The task
Character for character, write out the data below.

Provided material
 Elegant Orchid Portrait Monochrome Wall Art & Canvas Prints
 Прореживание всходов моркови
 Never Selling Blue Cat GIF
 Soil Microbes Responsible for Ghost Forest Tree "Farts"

Output for this exercise
 Elegant Orchid Portrait Monochrome Wall Art & Canvas Prints
 Прореживание всходов моркови
 Never Selling Blue Cat GIF
 Soil Microbes Responsible for Ghost Forest Tree "Farts"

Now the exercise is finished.